Color plays a vital role to procreation in the wild, occasionally a symbiotic one between plants and animals. Referring to Amazon water lilies as beetle discotheques, the authors explain how the flowers bloom a bright white at first, their temperature increasing to help diffuse the lily’s fragrance. Scarab beetles become ensnared within the flower when it closes overnight. In exchange for pollination, the blooms provide a choice spot for the trapped beetles to feed on tasty stamens and mate. Over the course of the evening, the lily becomes tinged with rose. At dawn, the flowers transition to a pink hue, open their petals, and release their sated captives, new generations of plant and beetle each more assured. Ostentation takes energy, however. Hence, some creatures have evolved their way to a compromise, parading their colors when necessary but conserving energy at other times. The authors present the example of the scarlet tanager. During mating season, the male displays spectacular crimson plumage; afterward it molts, the snappy red feathers replaced with ones far more subdued and similar to the female’s.

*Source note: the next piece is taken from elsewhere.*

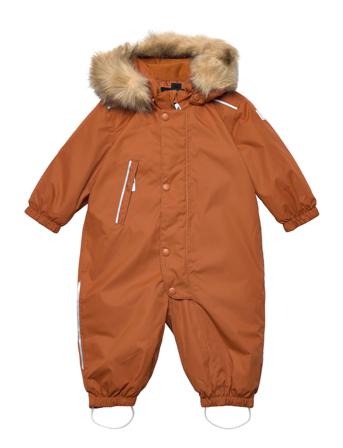 Toddlers' Winter Snowsuit Gotland Outerwear Coveralls Snow/ski Coveralls & Sets Orange Reima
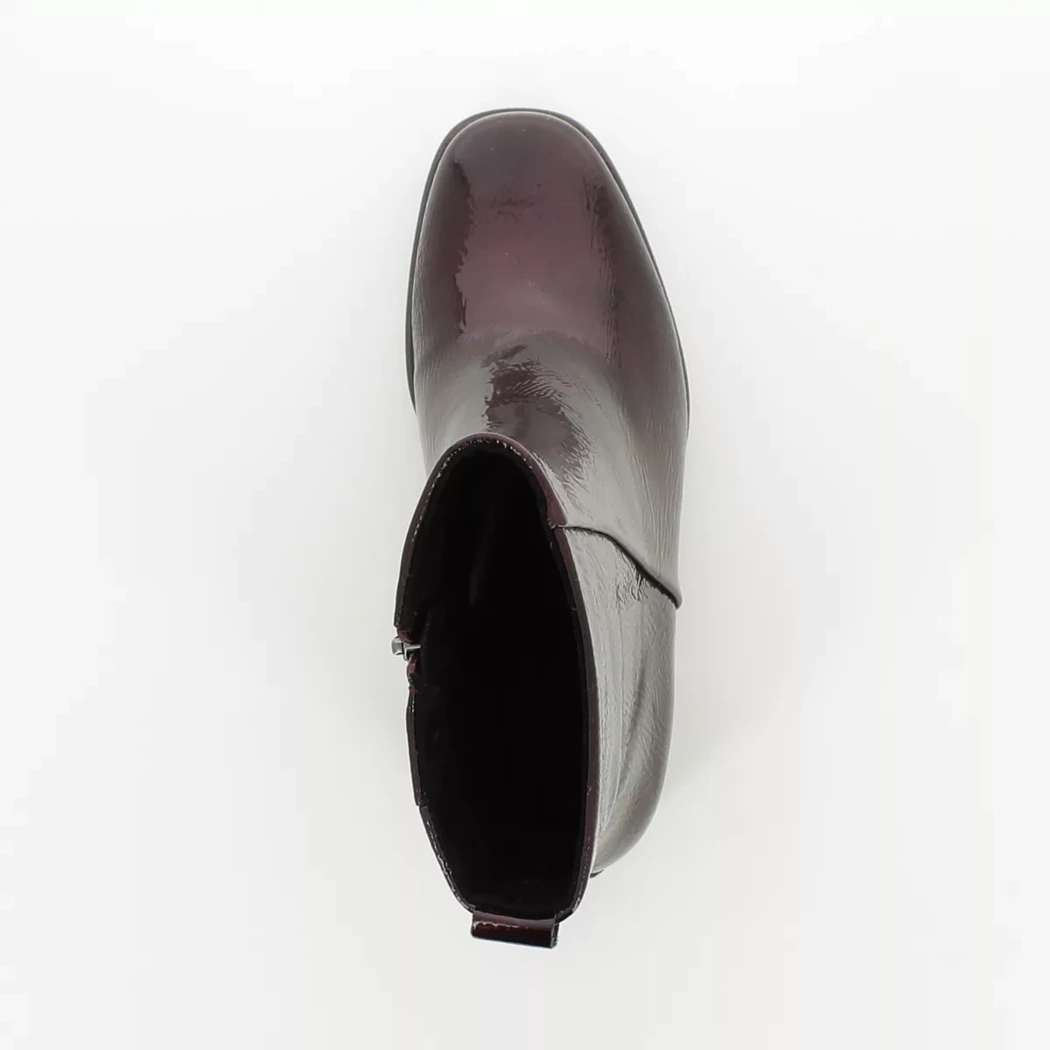 Image (6) de la chaussures Marco Tozzi - Boots Bordeaux en Cuir synthétique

Despite its somewhat rambling approach and sidebar headlines that skew a bit too cute, The Secret Language of Color fascinates with its breadth, entrances with its vividness, and beguiles with its exuberance. Its discussions of the physics of color and concepts such as additive and subtractive color and simultaneous contrast are first rate. An informative stunner, this is one book that keeps the intellect and the optical rods and cones well entertained.
Dianne Timblin is interim book review editor for American Scientist and author of the poetry chapbook A History of Fire (Three Count Pour, 2013). Her ongoing series of lo-fi collages may be found at Art of Salvage.